Yeah, the anchor sounds like it'd work.  

I asked just out of curiousity but I doubt I'll ever have the need to winch myself on the beach. Oh, I'll get myself stuck fer sure, cuz I sometimes do goofy sh*t, but the Hi-Lift can lift a whole side or end of the Jeep 2 feet off the ground no problem. Lift, fill in the holes, get on my merry way, and then decide if what I just did was fun enough to justify the work filling the holes.  

Woodchuck, I contemplated the 60" but figured I'd only use the extra foot when using it as a winch. Decided the 48" was plenty, and also it was heavy enough. The thing is a beast.   
.


----------



## Woodchuck (Jan 5, 2005)

They are a nice piece of equipment, that is for sure. And yes heavy, I opted for the all cast one. Winching is what I had in mind for the extra length. The extra weight... heck bungee it to the wooden pallet bolted to the roof and yer good to go.

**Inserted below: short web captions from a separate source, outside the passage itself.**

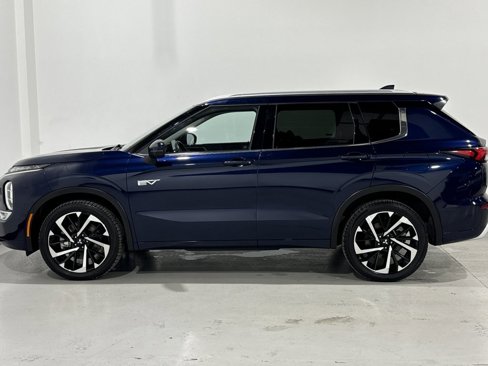 Used 2023 Mitsubishi Outlander SEL image 15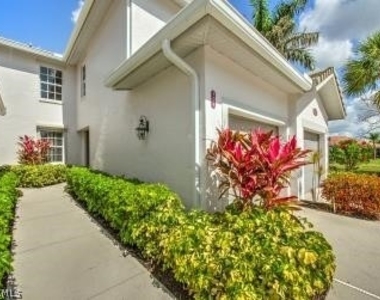 8385 Whisper Trace Lane - Photo Thumbnail 2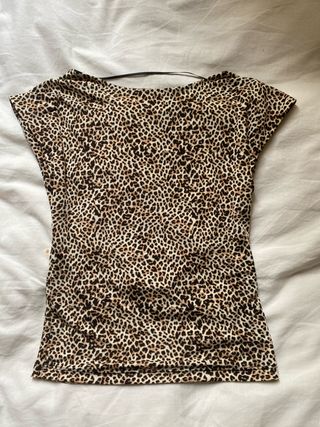 Top leopardo espalda descubierta Stradivarius 
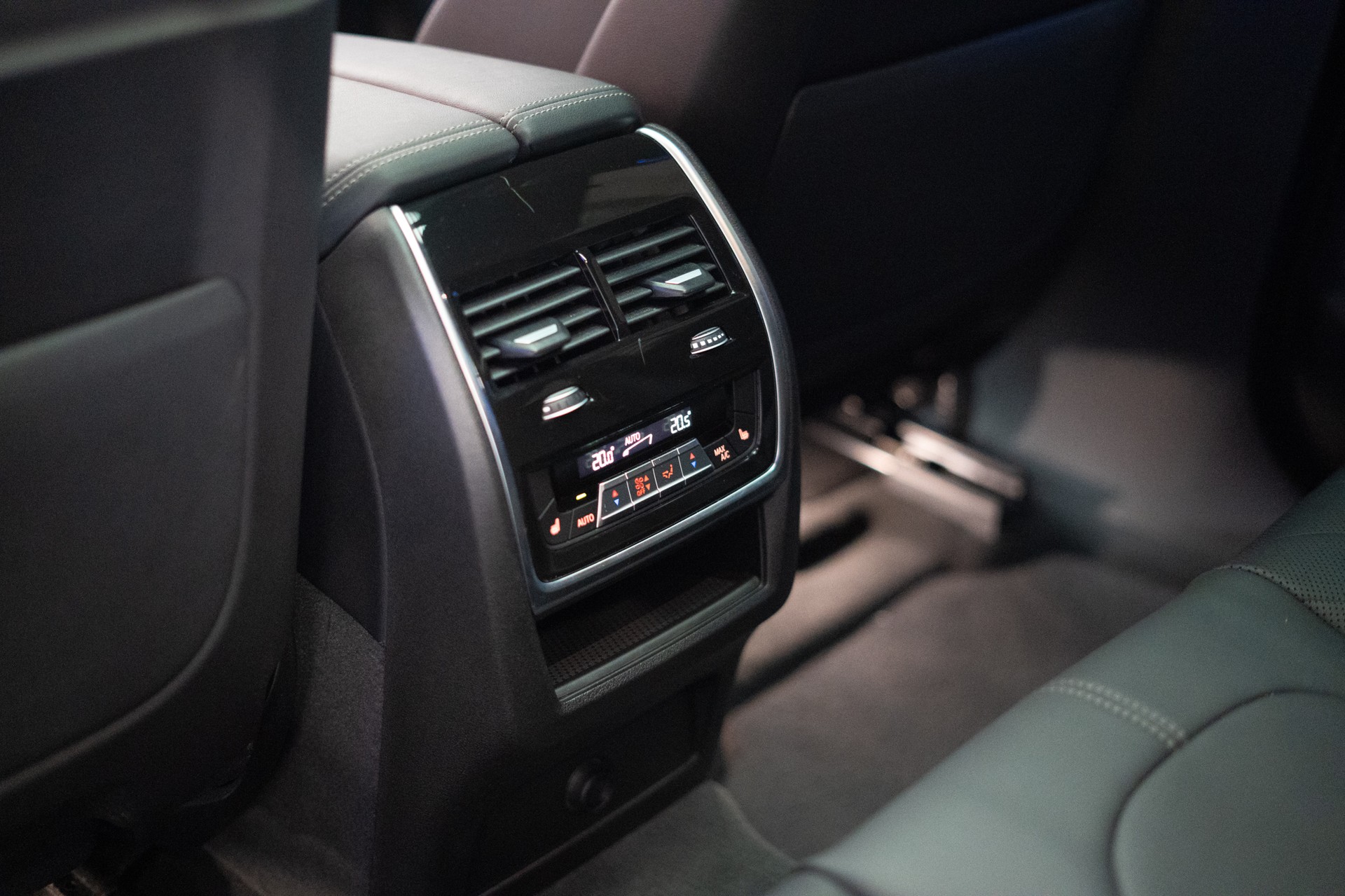 BMW X6 M60i M Sport Pro / Panorama-Glasdach / Bowers&Wilkins / 360°Kamera-image-17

We'll be using it as soon as the weather warms, need new leaf springs in back.


----------



## Gummy (Feb 24, 2005)

Get the biggest shovel with the longest handle that you've got room to carry. You will appreciate it when you need it.


----------



## sandcruiser (Jan 15, 2007)

*Portable battery jump starter*

This is the plug in type that will give you a jump when nobody's in sight to assist with a battery in their truck even if you got cables!

Don't forget the duct tape and baling twine.


----------



## hockeynut1797 (Jul 3, 2006)

trash bags and a plug in spot light always help. Better safe than sorry when out at night .All these ideas are great , but as Someone said ,common sense is the best thing to bring. Drive safely, watch where You park, be courtious, and air down. 
Have fun and be safe!


----------



## Jesse Lockowitz (Feb 13, 2006)

Fire extinguiser...


wish i had one when my bronco caught fire on the sand   



nothing like dumping a few 5gal buckets full of saltwater on ur engine block to liven' it up!!!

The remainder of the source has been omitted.